Now, this is clearly not a decisive observation: first of all because
Wittgenstein should not be criticizing something for *not* having a use:
*couldn't* it have one (perhaps an invented one), at another language game?;
second, because nowadays one is already aware of several other examples of
mathematical statements which are "more natural", that is, which do not
translate metamathematical assertions, but which are formally undecidable
in PA.

* * *

  Wittgenstein's misconstruction of Goedel's Second Incompleteness Theorem
seems a bit more embarrassing.  In the scope of a general negativist attitude
towards the metamathematical enterprise ("The mathematical problems of what is
called foundations are no more the foundations of mathematics for us than the
painted rock is the support of the painted tower", Remarks on the Foundation
of Mathematics, V:13), Wittgenstein is led to some very delicate positions.

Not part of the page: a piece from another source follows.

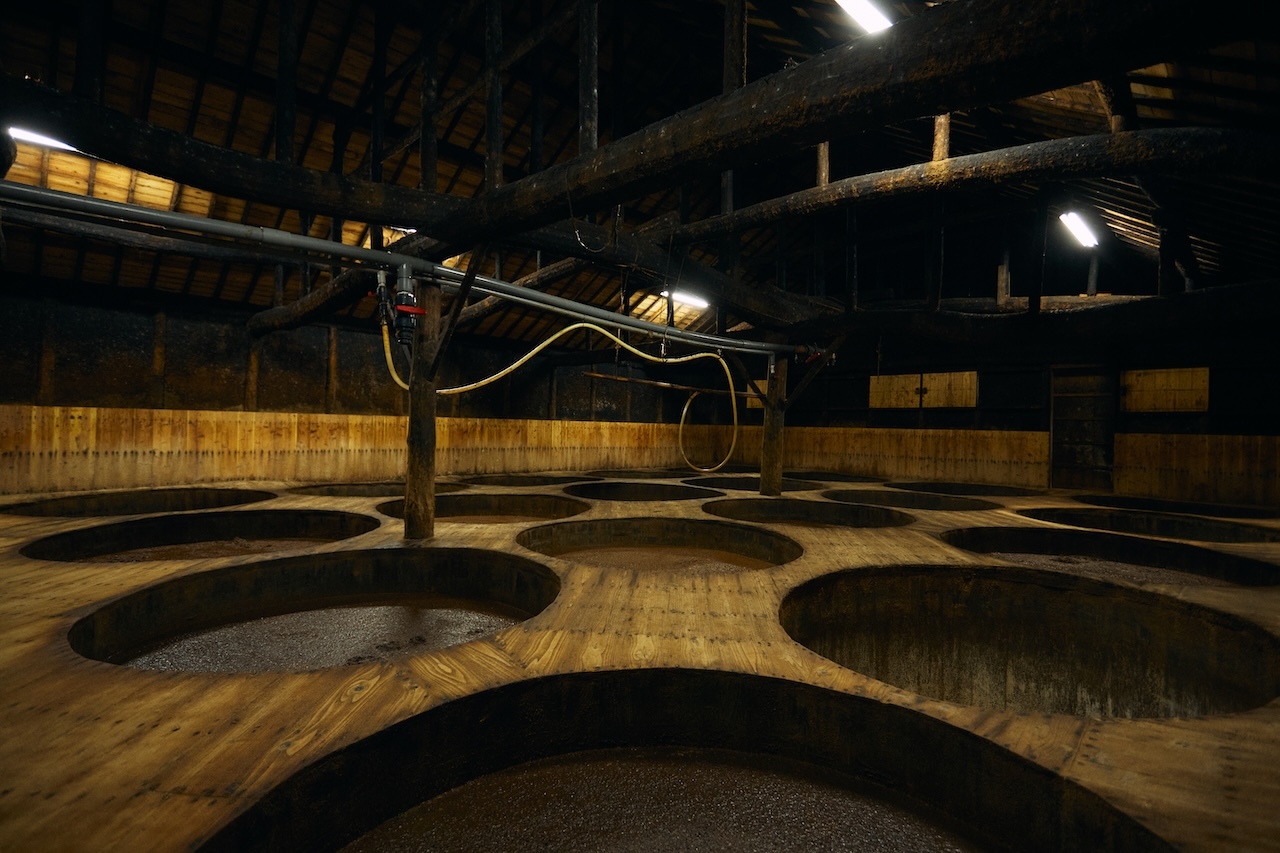 Shokin Shoyu Inc.：AGED UP TO 1YEAR JAPANESE SOY SAUCE USUKUCHI Image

An example of that is his view about proofs of relative consistency, or
equiconsistency, constituting just a sort of silly game (Philosophical
Remarks, p.335).  Now, to prove the consistency (or rather the non-triviality)

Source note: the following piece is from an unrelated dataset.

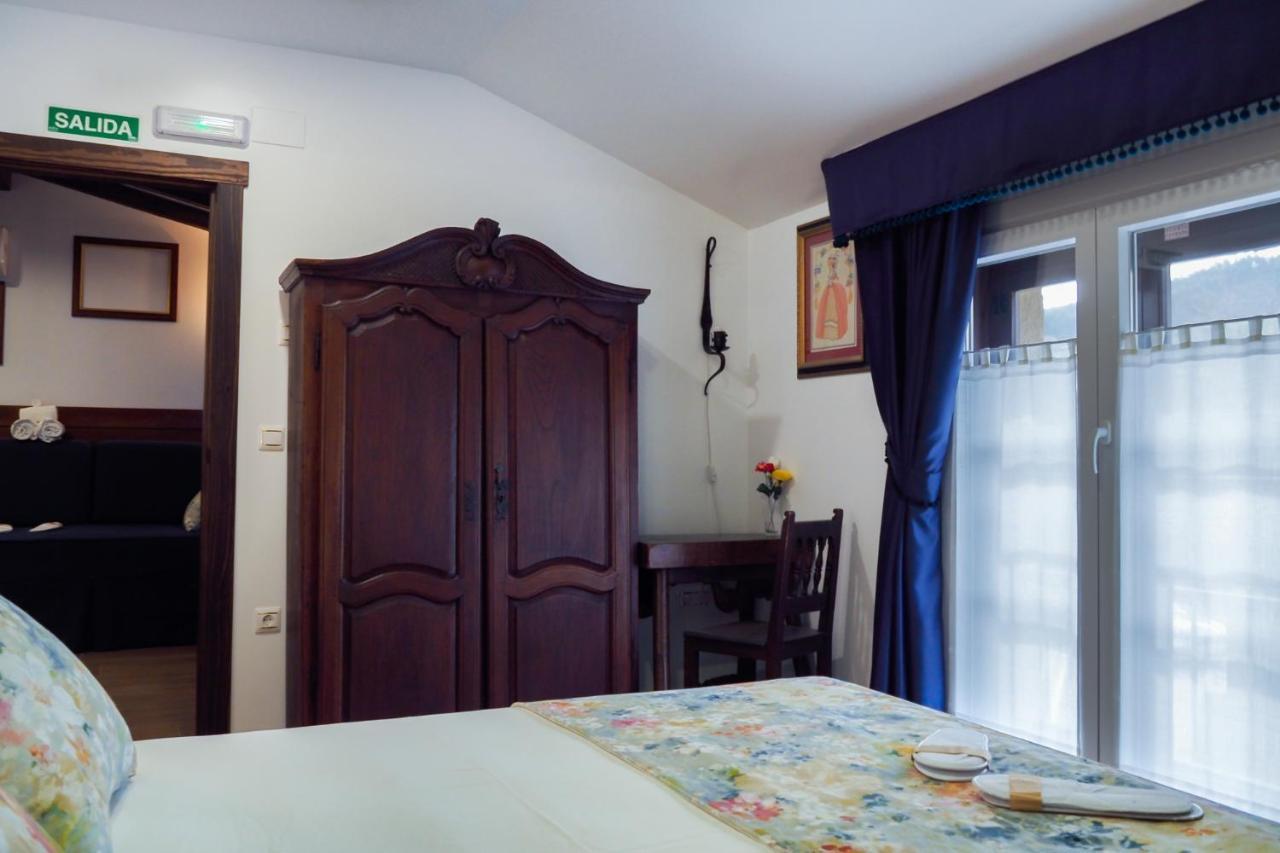 Posada Y Apartamentos Trebuesto De Guriezo Esterno foto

of classical propositional logic, CPL, for one, one can easily proceed through
a soundness result: all axioms are tautologies, and inference rules are
truth-preserving; thus, by induction on the length of proofs, all theorems
will also be tautologies; finally, given the classical meaning of negation,
two contradictory propositions cannot be simultaneously tautological, and so
they cannot be simultaneously theorems of CPL.  To use that consistency result
of CPL to prove the consistency of its proper extension, classical
quantificational logic, CQL, the canonical proof consists in constructing a
"forgetful functor" erasing all quantifiers of CQL, mapping thus all formulas
of CQL to formulas of CPL.  Now, if there would be contradictory theorems in
CQL, they would be taken by that functor to contradictory theorems of CPL, but
we already now that the latter cannot be found.  One can by similar means
prove the equiconsistency of different systems of geometry, such as euclidian
and riemannian geometry.

   About that theme, Wittgenstein's judgment is intriguing, as he roughly
maintains that "all that we have is a mapping, a function taking rules of a
game into rules of another game" (Philosophical Remarks, p.335).  Eager to
demonstrate the uselessness of Hilbert's Metamathematics, Wittgenstein seems
here to grossly misunderstand its aims, namely, prove (by finitary means) the
consistency of PA, inside PA.  Note that neither the consistency proof of CPL
nor the consistency proof of CQL are written entirely inside CPL or CQL
(induction, for instance, is not part of these systems).  Now, PA _does_
constitute the system in which PA's consistency proof is sought, and it is on
_that_ seeking that one is limited by the Second Incompleteness Theorem.